Figure 18: Examples of different types of behaviour that Markov chains can exhibit. From left to right: trace plot and ACF for chains that are cold, hot, and well mixed.

It is often the case that improvements to the posterior inferred can be obtained by increasing the execution time (or the number of iterations of the MCMC method performed). Extensive computational improvements were made to algorithms throughout this project, including the use of tools such as Cython - a superset of the Python programming language, designed to give C-like performance with code that is written mostly in Python. Despite this, running times throughout the course of this project were exceptionally long. More time is required to experiment with the number of iterations performed and total execution time, in order to establish if this significantly improves results.

Future Work and Outlook

In addition to simply running the chains for longer amounts of time, there are other adjustments that can be made which may improve results. Another simple adaptation is to alter the priors. In the inference performed here we simply impose uniform priors upon each of the target parameters. It is possible to make these priors stricter, reducing the interval over which samples may be drawn. Alternatively, other varieties of prior can be considered. Jeffrey's prior is a suitable alternative for the parameters $r$ and $\sigma$. $p(r)=\text{Beta}(0.5,0.5)$ is a Jeffreys prior and is a common choice for a zero-knowledge prior for a probability. $p(\sigma) = 1/\sqrt{\sigma}$ is also a common Jeffreys prior choice for a zero-knowledge prior for noise. Alternatively, a useful future improvement would be incorporating experimental knowledge in new priors, and analysing their effect on inferred posterior distributions.

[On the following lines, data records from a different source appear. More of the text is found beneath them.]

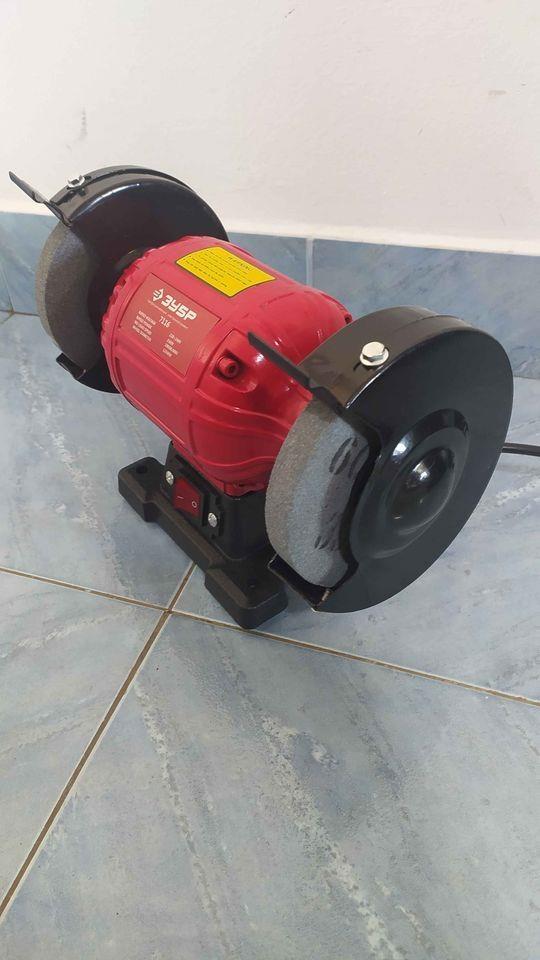 Zubr-tocilo-350W
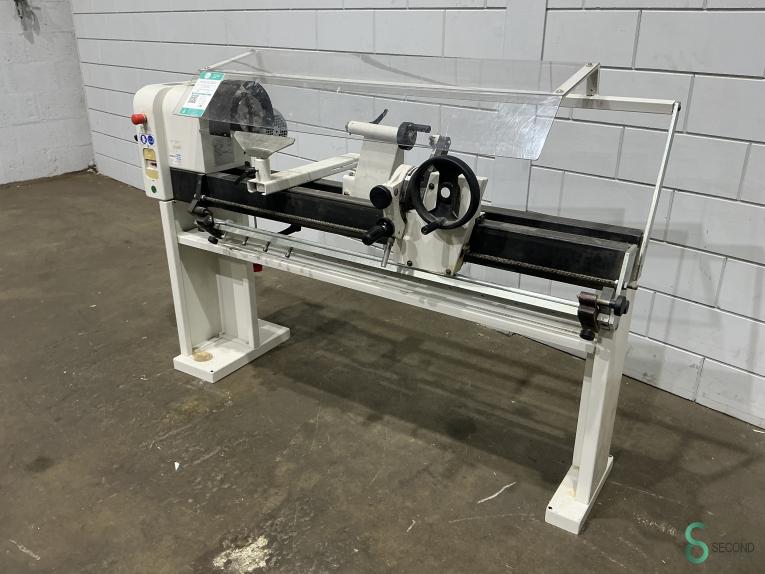 Minimax T 124 HOU10.063 59 17516
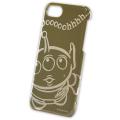 ʬiPhone 7 б ǥˡ饯 ϡɥ ꥢڥ᡼̵
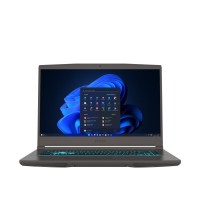 MSI Thin 15 i5-12450H/32GB/512/Win11X RTX2050 144Hz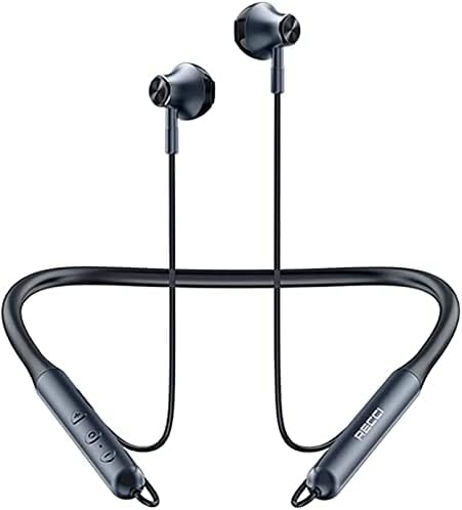 هندزفری بلوتوثی رسی مدل Recci REP-W16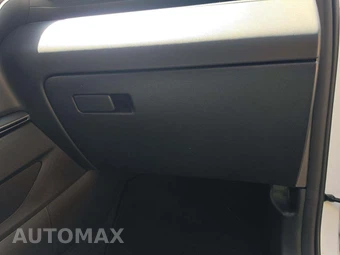 2023 Hyundai Tucson XRT - miniatura 16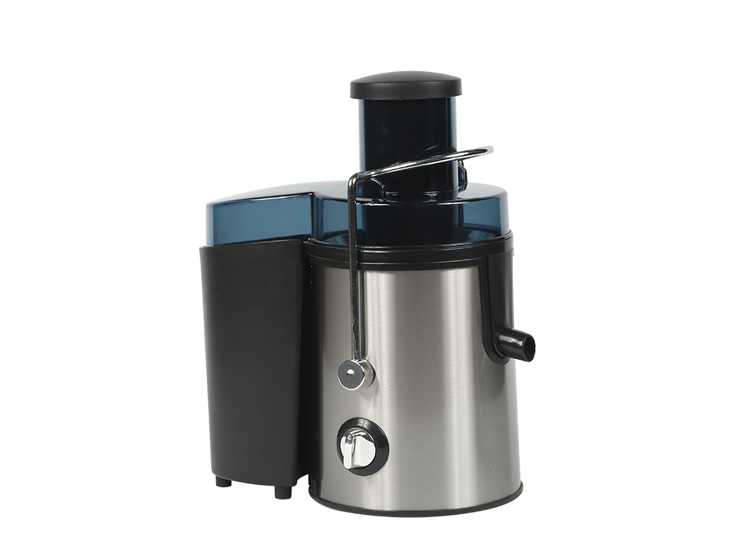 5、Juice Extractor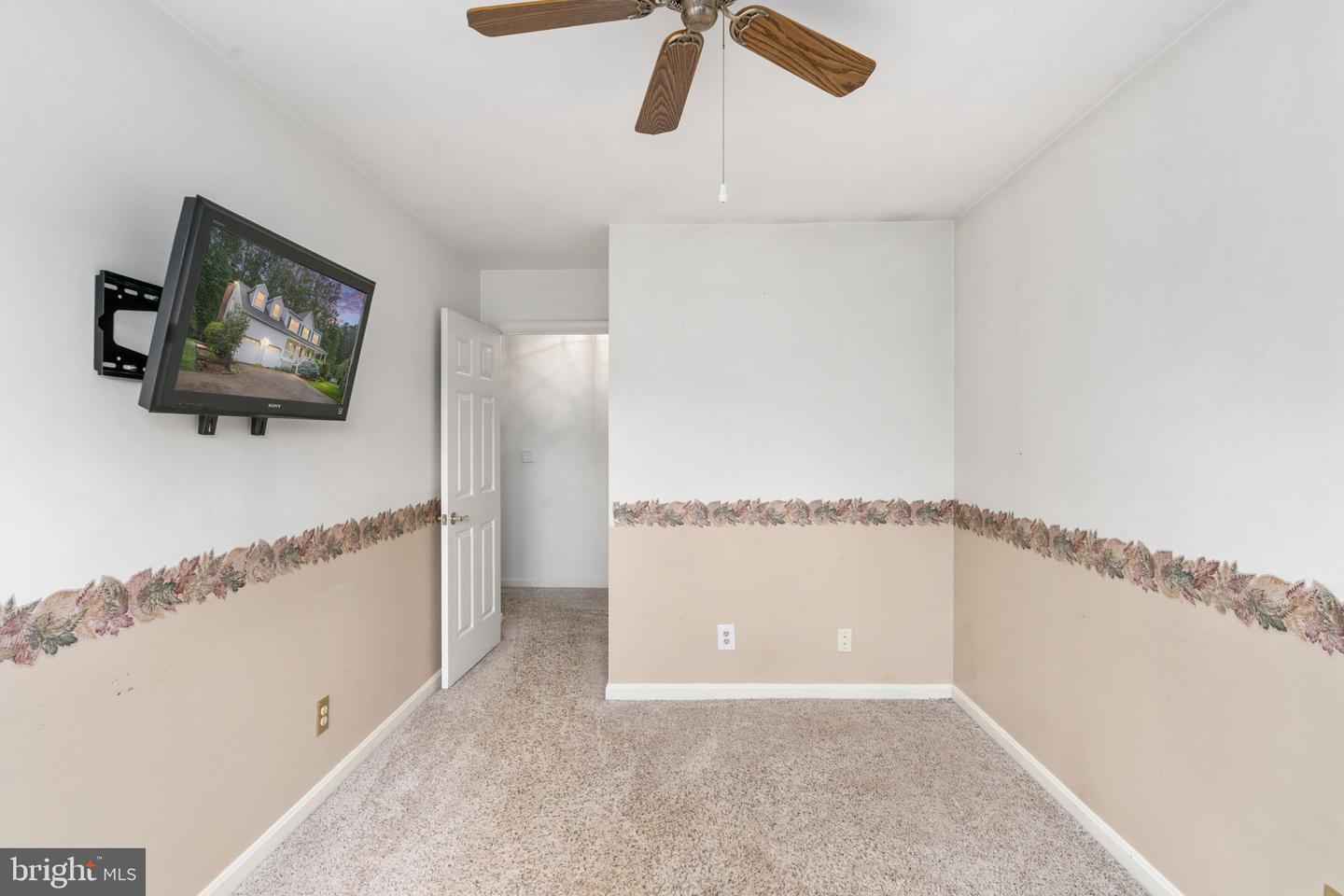 98 AUTUMN DR, STAFFORD, Virginia 22556, 5 Bedrooms Bedrooms, ,3 BathroomsBathrooms,Residential,For sale,98 AUTUMN DR,VAST2038438 MLS # VAST2038438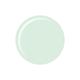 Sery Colorflirt Nail Paint Mint Affair, Green 10 ml - Nail Polish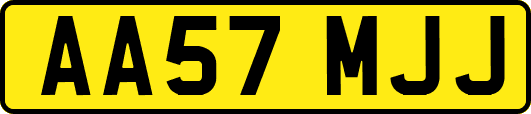 AA57MJJ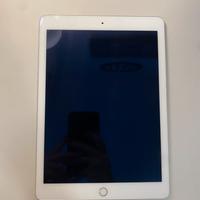 Ipad Air 2 (2014) - 64gb Wifi
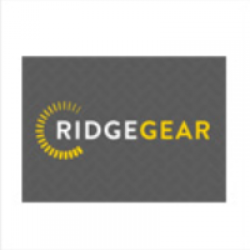RidgeGear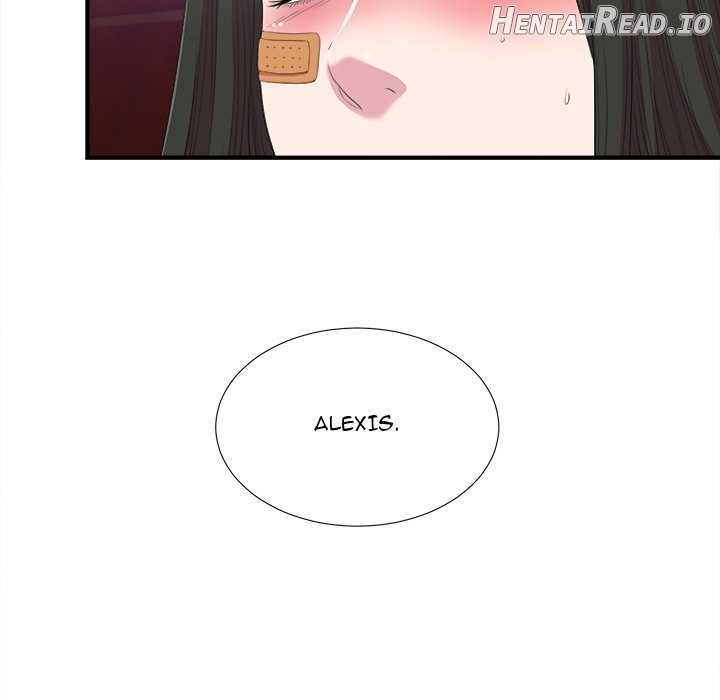 Secret Friend Chapter 97 - page 64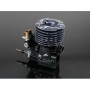 Motor Nitro SPower B7TT Tuned by OS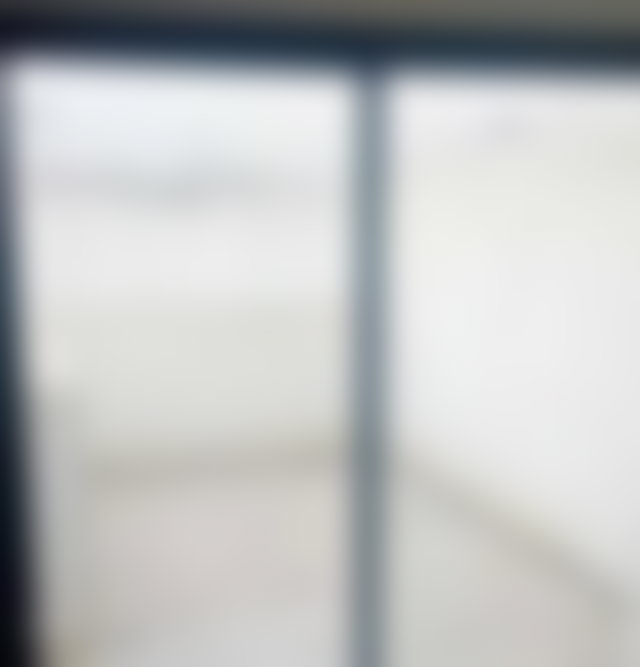 57 sqm Office on the 6th Floor, Casablanca Industrial Zone — 3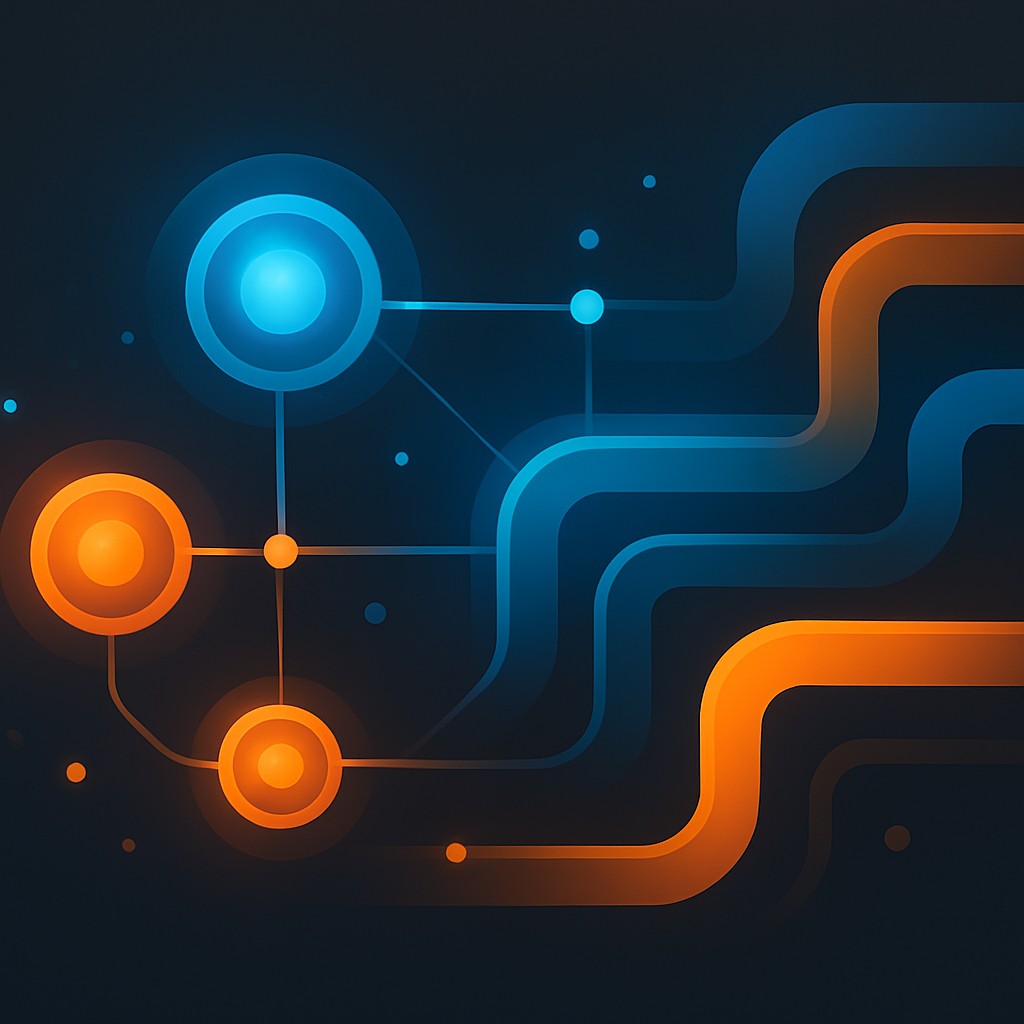 What Are the Best AI Agents for B2B Marketing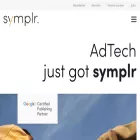 symplr.de symplr.de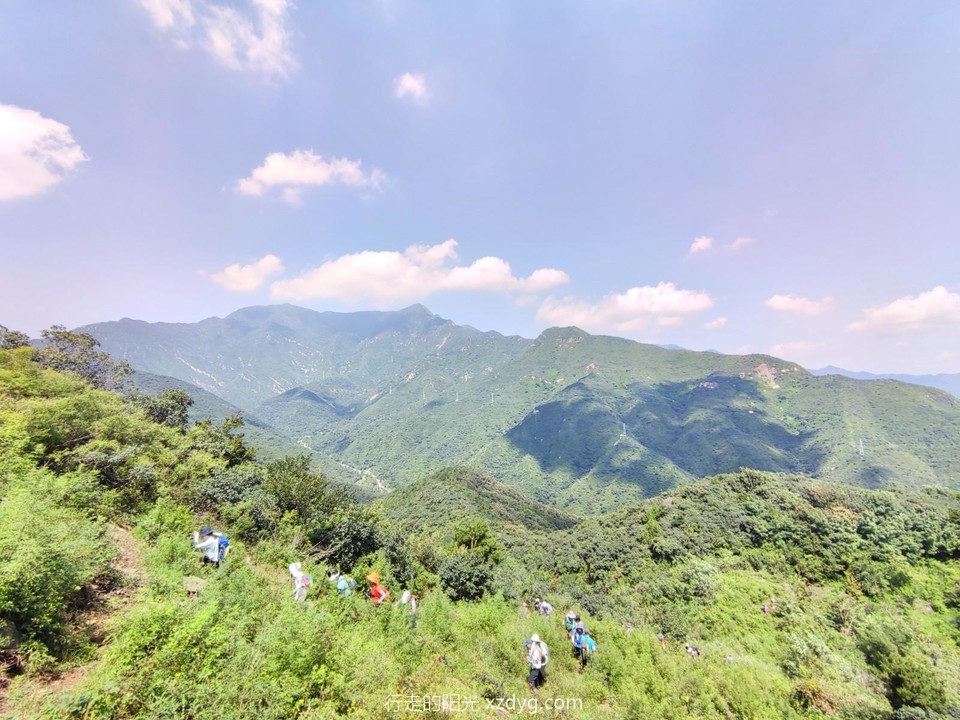 mmexport1661050039197_edit_307434155754129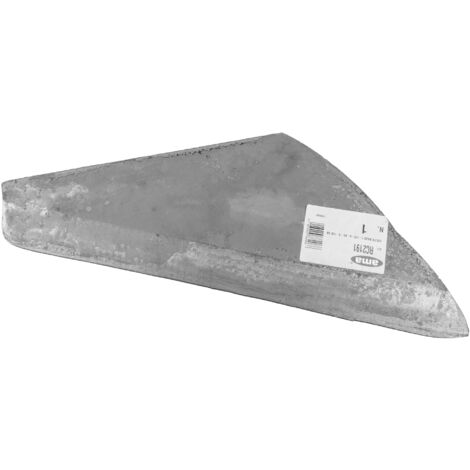Coltre dal basso per supporto scalpello dx adattabile Nardi- Sogema (1/2)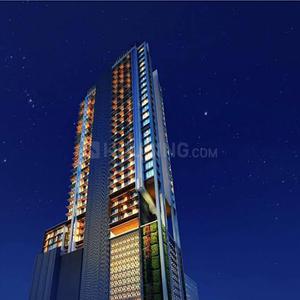 Image of 930 Sq.ft 2 BHK Apartment / Flat for sale in Matunga West, Mumbai for Rs. 37000000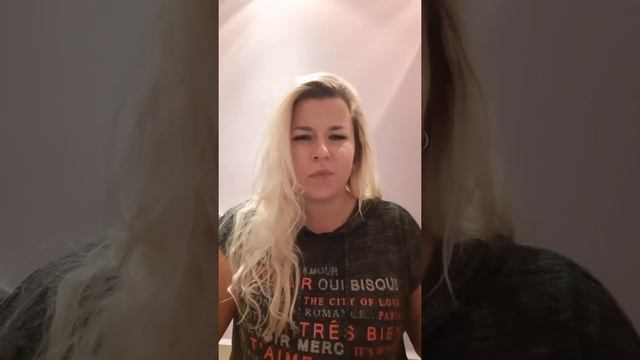 богатый мужчина-2 типа смотреть онлайн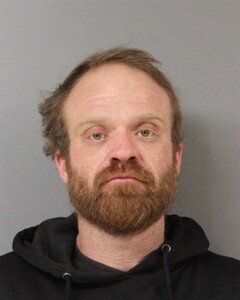 mugshot of MONTIE  FREE
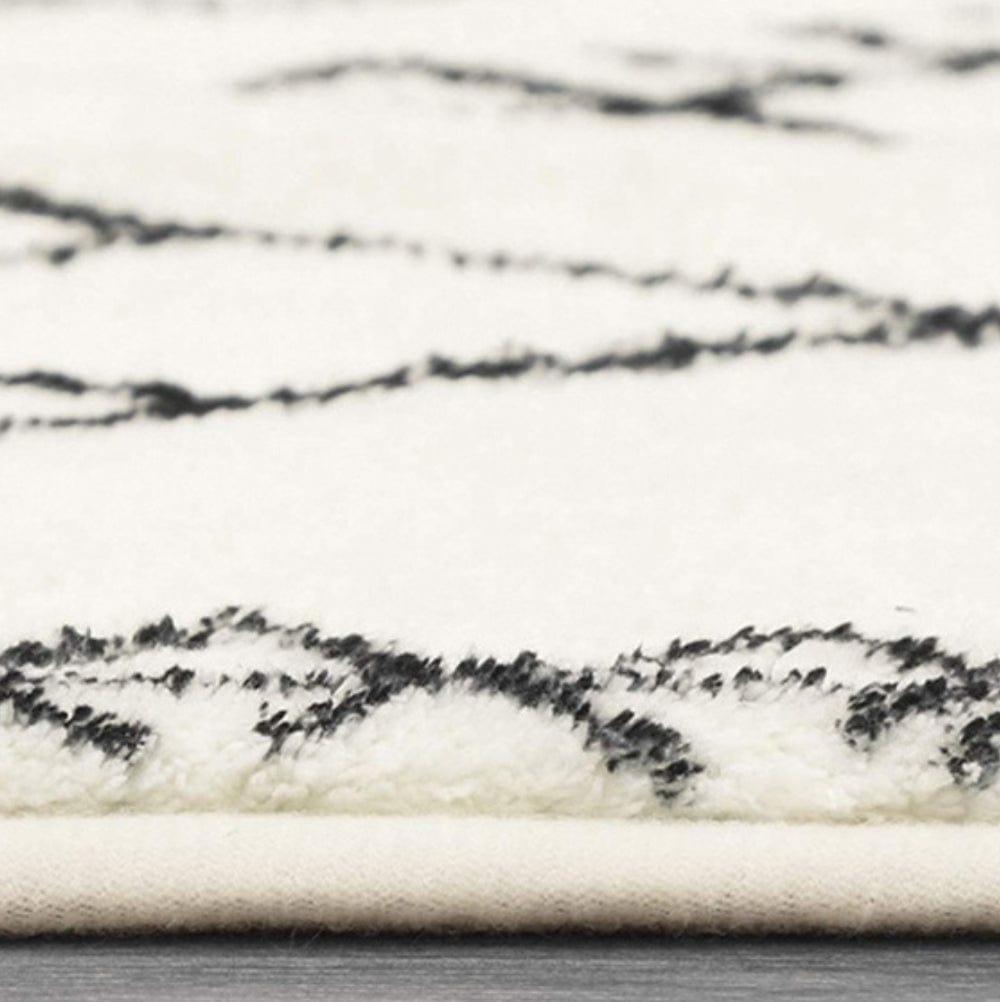 Large XXL Bath Mat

Figure 19: This picture is adapted from work by Dicu, 2017.

An additional further development would be to incorporate data from multiple wells measured in the single cell experiment. Each separate well would possess a different value for $X_0$, however we can adopt the assumption that $r$ and $\sigma$ are shared between the different wells within the same experiment. Using data from multiple fluorescence curves should theoretically result in more accurate inference of $r$ (and potentially $\sigma$).

The analysis and investigation carried out in this project has the potential for application to other forms of data, in particular ddPCR (droplet digital PCR). MCMC methods have been implemented on ddPCR data with promise (Wilson and Ellison, 2016), and further investigation of this has not yet been explored extensively. The research and analysis carried out in this project has provided in-depth conceptual understanding of Bayesian inference and MCMC methods, in particular the Metropolis Hastings algorithm. Performing this form of analysis is applicable to a wide range of different types of datasets. Programming frameworks such as PyMC3 and Stan provide tools to perform the types of analysis and inference discussed in this project, in addition to many other analysis methods.